Does that make anyone feel better? It’s the first time in nearly twelve years that I’ve actually said that. I’m tired of tiptoeing around my “weight problem,” or timidly stumbling over the word “heavy” whenever the conversation curved that way. I’m want to talk to you about what it’s like to be twenty-two, and fat. I’m going to share with you what it’s like to go through life knowing that people are staring, are judging, are sizing you up for disaster.
I’ve been fat since I was ten years old. Most girls were picking out training bras-nothing more than another layer of cloth to make them feel grown-up and important. I was already fitted for a B-cup, the straps cutting very real marks into my shoulders and causing sweat lines through my GapKids tees. I didn’t need to feel grown-up. I had already been tossed headfirst into it.
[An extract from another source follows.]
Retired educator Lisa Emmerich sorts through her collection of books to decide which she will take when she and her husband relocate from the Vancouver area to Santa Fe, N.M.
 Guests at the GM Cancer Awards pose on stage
In middle school most girls stop wearing kid’s sizes, and spend hours in the junior’s section, fawning over the peek of a midriff or the dip in the waist of a pair of jeans. I skipped right from Oshkosh to Ann Taylor, sharing fitting stalls with women old enough to be my grandmother. And that’s where I first started noticing the looks-the disapproving clicks of a tongue, the sympathetic stares behind bifocaled eyes. My Bat Mitzvah dress was bought at a bridal shop, not because it needed to be beautiful. It was because nothing in my size, in the prom section of Macy’s, is meant to fit a twelve-year old without making her look like a child prostitute.
High school was where the teasing started and ended. Girls I had gone to sleepovers with would ask me why I sat so my boobs looked bigger. I had to explain tearfully, in front of teenage boys, no less, that I didn’t sit that way on purpose-that’s just how big they were. No one asked me to junior prom, so I didn’t bother going. It was where the teasing ended-but it ended because it got replaced by pity.
I can distinctly remember my freshman year of college, while looking for my shirt on the dirty floor of someone else’s dorm room, hearing him tell me “this should be our little secret. It’s not like anyone would believe it, anyway.” He was a division one athlete, and I was fat. He wouldn’t look at me when he said it. I don’t think he could. I remember going back to my room and calling my best friend at the time in tears, recanting the boy’s words. He didn’t believe my story either. He proved the athlete’s point.
I became close with a group of fraternity boys in college-they were the 35 brothers I never knew I needed. They were always there for a kind word, a gentle hug, a person to sit and watch movies with on a lazy Sunday afternoon. I got to know their secrets, their hopes, their fears. I think it’s safe to say that they trusted me. But I would hear these boys talk about the guest rules at a party, “recruits and hot girls only.” Then a guilty glance my way, and the over-asserted, over-used, “and don’t worry, you don’t count anyway.” I watched photos pop up all over the internet of their formals, the boys picking dates they knew their friends back home would approve of. I wasn’t even in the backgrounds of those photos, hiding my disapproval at these girls who didn’t even know these boys. I was never invited. Oversight? Maybe. Embarrassment? Much more likely.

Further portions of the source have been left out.